The recent flurry of return of stolen artefacts from Nigeria and other African countries is a cause for cheer and, even more so, introspection. These works of art, (amounting to 73,000) which had significant cultural and spiritual value to peoples in pre-capitalist kingdoms and empires on the continent, were stolen during the trans-Atlantic slave trade and even more so, during the colonial era. 

The series of grand thefts were part of a broader campaign of plunder, pillage and massacres. Of particular note is the sacking of the Great Benin Kingdom in 1897. Oba Ovonramwen Nogbaisi was deposed and sent to exile in Calabar, where he died.
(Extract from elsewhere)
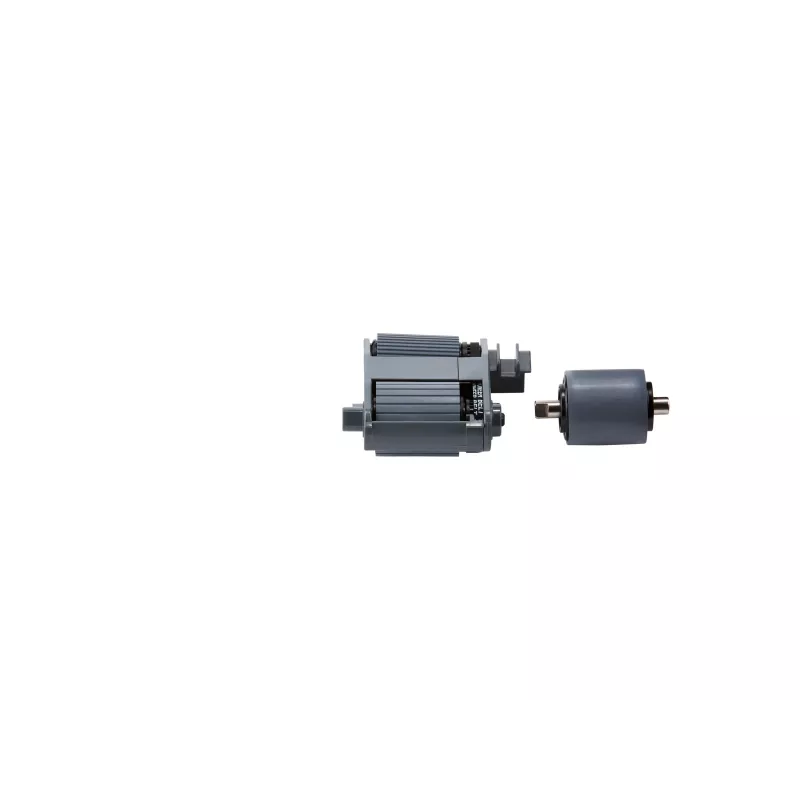 HP 300 ADF-Rollen-Austauschkit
A British expedition force killed the Bini people in large numbers. They also desecrated the people’s sacred places, while they rampaged the Bini ceremonial sites and palaces of their chiefs. It was from these places that the tons of artefacts taken from this great kingdom were stolen. 

Since the nineteenth century, African peoples have been asking for the return of these artefacts. The colonialists turned deaf ears to these demands. But even after flag independence was granted to prevent revolutionary upsurge for more thorough-going liberation, the British in particular, but as well the French imperialists refused to hand over these artefacts for decades. 
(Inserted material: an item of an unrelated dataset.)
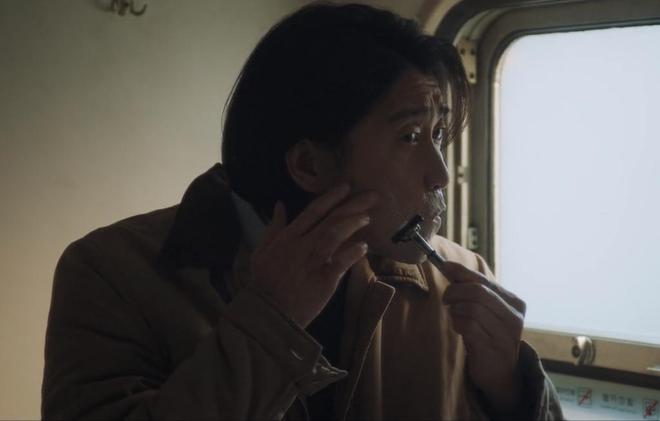 YY直播：二四六天好彩(944CC)免费资料大全-《漂白》：从肉联厂4人组解散，才明白甄珍落难反抗最终赢得生机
There are over 73,000 of these artefacts scattered across different countries in the Western world. These include museums in Britain, France, Germany, and the United States. Quite a reasonable number are also in the private hands of billionaires. Yes, these artefacts have also made many people very rich right from when they were stolen and trade during the nineteenth and early twentieth century. 

The responses of Western imperialist countries and their intellectuals to demands for repatriation has always been three-fold. First, they claim that these artefacts belong to humanity. Second, they claim they cannot say precisely where each specific item was taken from in the countries pillaged. And last, they question the capacities of African countries to preserve these historical items. 
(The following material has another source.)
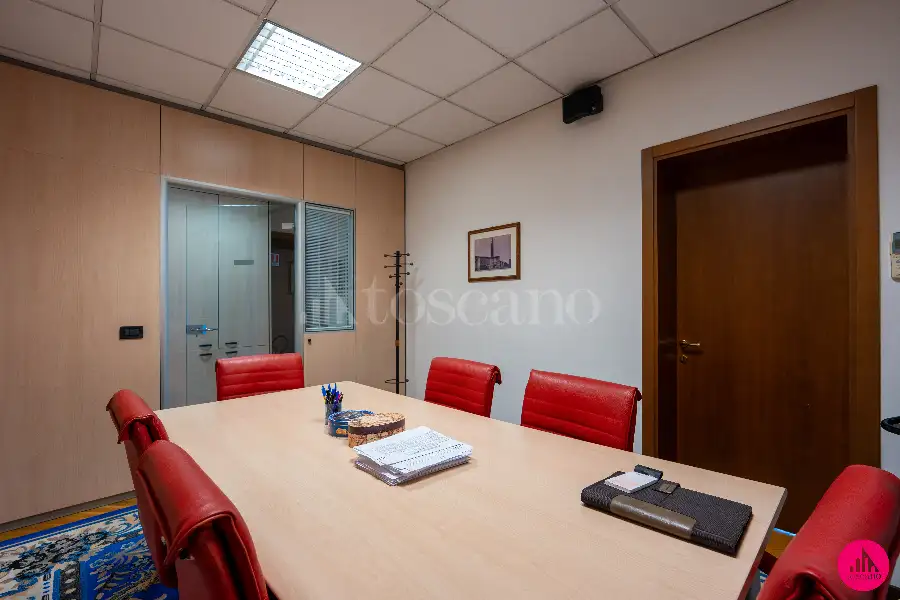 Casa in vendita di 206 mq a €259.000 (rif. 147/2026)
But these are nonsensical claims and questions. There’s a Yoruba saying that the farm of father and son cannot be so contiguous to the extent of there being no demarcation. Apart from the fact that the West is not our father (if anything Africa being the cradle of humankind, we can lay claim to being the fathers of Western civilization), it is rather paternalistic to lay claim to our historical heritage as being for all of humanity that has to be kept within the homes of the murderers who stole these at gunpoint, and with bloodshed. 

It is also a bloody lie that the specific locations of these items cannot be identified. A significant proportion can be very well identified, if not be the plunderers, by those whom they plundered from; us! And the question of capacities rather reflects the continued imperialist domination of resources, science and technology. 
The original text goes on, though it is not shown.